O especialista defende que o envolvimento pode ser na compreensão dos efeitos mas também no próprio desenho das aplicações. "Conceitos como aprendizagem, reforço e incentivos fazem parte do currículo dos cursos em psicologia. Também a compreensão do viés humano que pode ser transferido para os algoritmos, a formação de modelos de decisão ética, e a aplicação de princípios de design centrados no ser humano e são fundamentais no desenho deste tipo de soluções, pelo que os psicólogos/as podem gerar (muito) valor no contexto da tecnologia e da transição digital", refere.
Há ainda a questão da saúde mental, uma área cada vez mais estudada mas onde não é ainda possível avaliar as consequências. Mesmo assim alerta que "o potencial da IA para induzir stress, ansiedade e até mesmo isolamento, assim como alguns dos impactos visíveis sobre a empatia, tornam ainda mais evidente a necessidade da Psicologia nesta era de rápidas mudanças".

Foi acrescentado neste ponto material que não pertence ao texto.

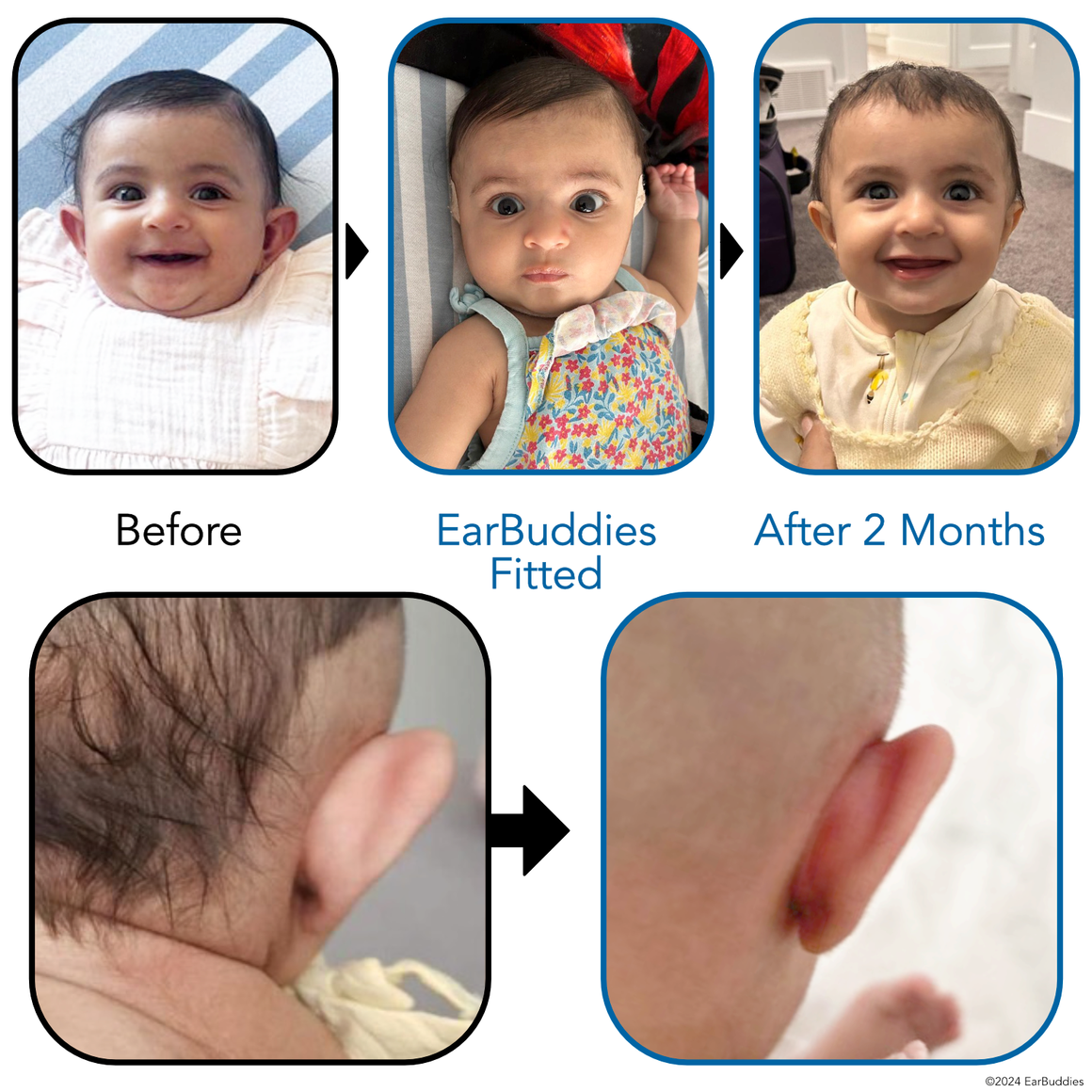 Ear Splints Baby Babys Ears starting to Stick Out or Fold Over? | EarBuddies™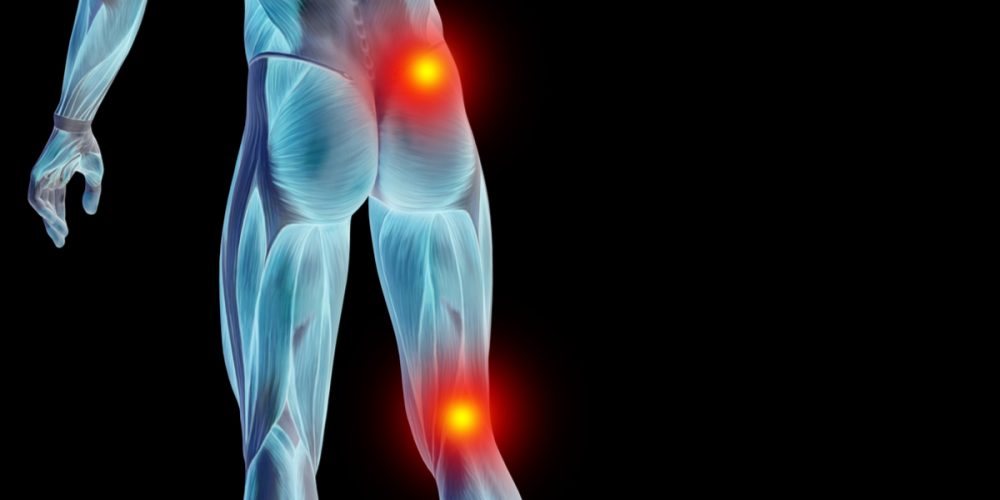 腰痛の原因は大腿骨内顆骨壊死！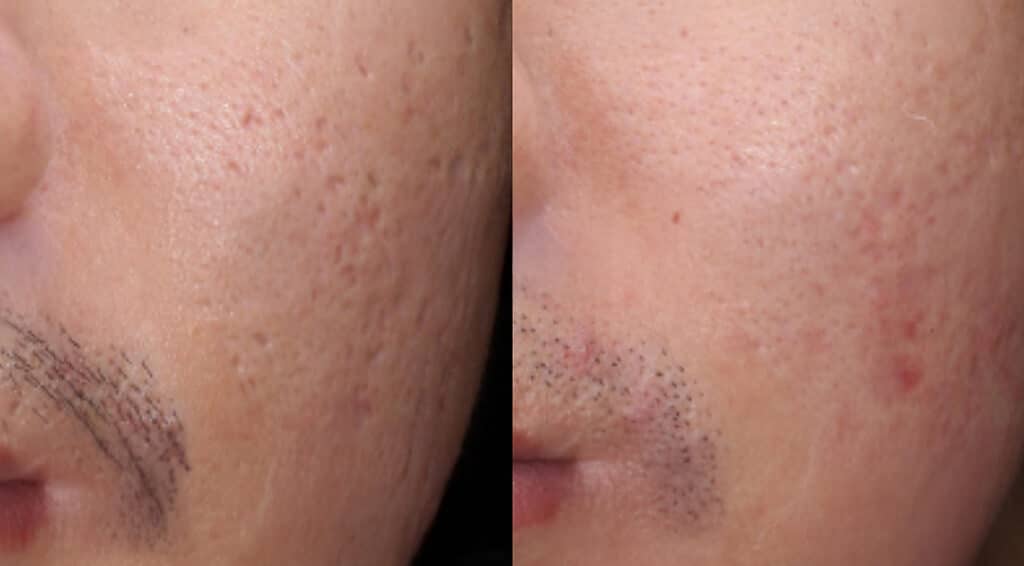 여드름 흉터 관리 전후의 비교 사진으로, 시술이나 피부 치료 후 피부결이 개선된 모습을 나타낸 이미지 Before and after comparison of acne scar treatment showing smoother skin texture after care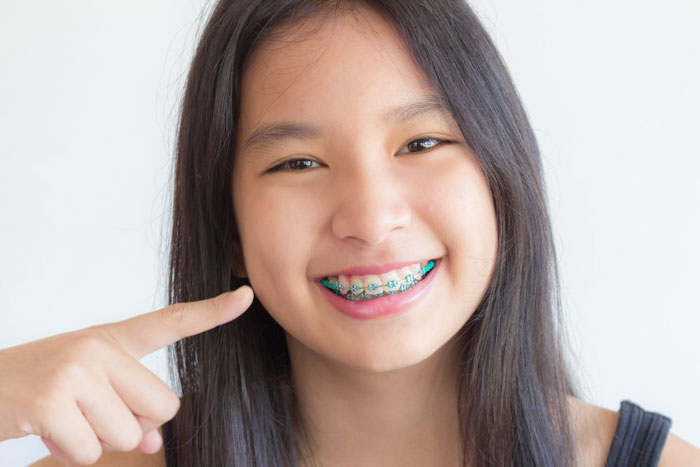Niềng răng là phương pháp nắn chỉnh dịch chuyển răng về vị trí cân đối trên cung hàm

Sobre as mudanças no mercado de trabalho, o documento da Ordem dos Psicólogos Portugueses refere a perda de emprego, mas também a criação de novos postos de trabalho e o aumento da produtividade. E há também efeitos a considerar na mudança da forma de trabalhar e potencial impacto na criatividade e colaboração.
"Esta é uma questão complexa, mas olhando para o passado podemos ver o impacto que anteriores revoluções tecnológicas tiveram em áreas que, à data, eram consideradas apenas humanas. Isto é mais uma iteração neste ciclo de progresso e desenvolvimento", justifica.
Já há registos de disrupção e Miguel Oliveira admite que "haverá áreas que serão completamente automatizadas e outras que necessitarão de menos pessoas", mas afirma que "é necessário entender que este tipo de IA não irá tirar o trabalho às pessoas. Quem irá tirar o trabalho serão indivíduos que usam a IA como ferramenta, daí a necessidade em investir em novas competências e num diálogo alargado sobre que competências estamos dispostos a delegar na IA e com que impacto societal".
Miguel Oliveira acredita que existe ainda potencial de uma nova forma de desigualdade pela falta de literacia digital e informativa. "O risco aqui é que a IA pode criar um abismo ainda maior entre os "alfabetizados em IA" e aqueles que não têm as competências para formular as perguntas certas", justifica. Por isso a Ordem dos Psicólogos Portugueses está a investir na literacia, sendo o documento hoje divulgado visto como um contributo para os psicólogos/as, mas também dos cidadãos, de forma a mitigar as consequências mais negativas da IA.
A Ordem deixa ainda uma série de recomendações que considera relevantes e que podem ser encontradas no documento disponibilizado hoje online.